What I find fascinating is that even now, as a 55 year old man, I still crave the approval of my mother. I always have. I always will. In turn, she always wanted me to succeed and be happy, and she probably still does, but even more intensely.
That relationship between parent and child is highly reflective of our relationship with God, which makes sense, in that motherhood and Godhood are linked. As President Monson said, “One cannot remember mother and forget God.” (link) In the same talk her said, “God and mother, partners in creation, in love, in sacrifice, in service, are as one.”
Elder Dale Renlund said, “To endure to the end, we need to be eager to please God.” (link) I know that there were times in my life where I intentionally displeased my mom, just as there have been times that I have successfully displeased God. Remarkably, I think that both God and my mom could see through my adolescent and petty attempts and still love me, and root for me. I sense this even now. “Mothers hold their children’s hands for a short while but their hearts forever.”
In this light, in is no strange thing that the #1 item on my list of my most significant spiritual experiences is directly tied to my mom, but that is all you need to know about that. (How’s your list coming?)
“Motherhood, is near to divinity. It is the highest, holiest service to be assumed by mankind. It places her who honors its holy calling and service next to the angels.” (First Presidency message.) (link)

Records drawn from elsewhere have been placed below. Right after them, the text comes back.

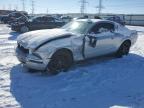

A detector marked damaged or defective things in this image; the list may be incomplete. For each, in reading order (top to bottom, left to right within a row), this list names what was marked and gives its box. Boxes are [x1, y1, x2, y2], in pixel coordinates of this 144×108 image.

crumpled hood [17, 28, 71, 49] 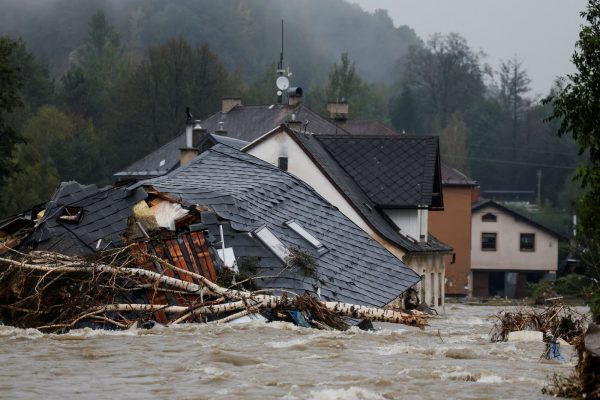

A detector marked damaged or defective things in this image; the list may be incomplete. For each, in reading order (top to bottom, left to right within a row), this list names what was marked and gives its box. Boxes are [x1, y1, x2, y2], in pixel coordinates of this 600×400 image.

damaged roof section [22, 182, 148, 256]
broken window [253, 225, 290, 262]
damaged roof section [136, 145, 420, 308]
broken window [286, 220, 324, 248]
broken window [516, 233, 536, 252]
splintered wood [0, 245, 428, 332]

President Nelson gave an entire conference address about our sacred duty to honor women and motherhood, (link) and this I gladly do. I honor my mom, my sweet EC, and the mothers who impacted my life. I also honor motherhood as a concept, especially as it comes under assault from an ever-degrading culture. To moms out there, I salute you. Thank you.
Seventeen years is a long time. Memories fade and change. Details get lost, and I find myself not thinking about my mom for large swaths of time. Yet when I do, the thoughts are always sweet. I am still that kid, seeking her approval.
I miss her. I love her.
I wish she had internet service.
Skype would be best, but even a dial-up modem to read this post would make me smile.